Disposition of firocoxib in equine plasma after an oral loading dose and a multiple dose regimen.

Vet J

University of Tennessee, Department of Biomedical and Diagnostic Sciences, College of Veterinary Medicine, 2407 River Drive, Knoxville, TN 37996, USA. Electronic address:

Published: November 2013

AI Article Synopsis

  • The study aimed to assess whether a loading dose (3× standard) of firocoxib, followed by regular maintenance doses, could achieve steady state drug concentrations in mares.
  • Blood samples from six healthy mares showed that maximum plasma concentrations and minimum concentrations progressively improved after the loading and maintenance doses.
  • The results indicated that the loading dose allowed for quicker achievement of steady state concentrations, maintaining consistent drug levels more effectively than a regimen without a loading dose.

Article Abstract

The objective of this study was to determine if a single loading dose (LD), 3× the label dose of firocoxib oral paste, followed by nine maintenance doses at the current label dose achieves and maintains near steady state concentrations.

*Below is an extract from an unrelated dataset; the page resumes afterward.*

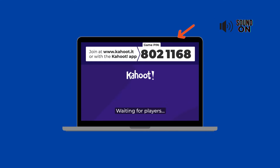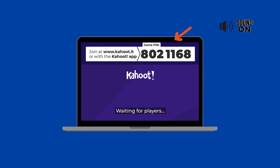Step 4: As the host shares their screen, you'll see the Kahoot lobby pop up. Keep an eye out for the game pin — it is your ticket into the game.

Six healthy, adult mares were administered 0.3mg/kg of firocoxib on Day 0, and 0.1 mg/kg 24 h later on Day 1, and at 24 h intervals from Day 2 to Day 9, for a total of 10 doses. Blood samples were collected throughout the study. The mean firocoxib maximum plasma concentration and standard deviation was 199±97 ng/mL, 175±44 ng/mL and 183±50 ng/mL after the LD, and first and last maintenance doses, respectively. The minimum mean concentration (C(min)) increased from 100±23 ng/mL after the LD to 132±38 ng/mL at Day 7. Then, the C(min) remained constant until Day 9. The average concentration at steady state (C(avg)) was 150±45 ng/mL, which compares well to the C(avg) (130±36 ng/mL) reported after multiple daily doses at 0.1 mg/kg. The administration of the single LD allowed achievement of the average steady state drug concentrations faster than a multi-dose regimen without a loading dose. After the LD, firocoxib at 0.1 mg/kg every 24 h was able to maintain a relatively constant average drug concentration which should produce less variability in onset of action and efficacy.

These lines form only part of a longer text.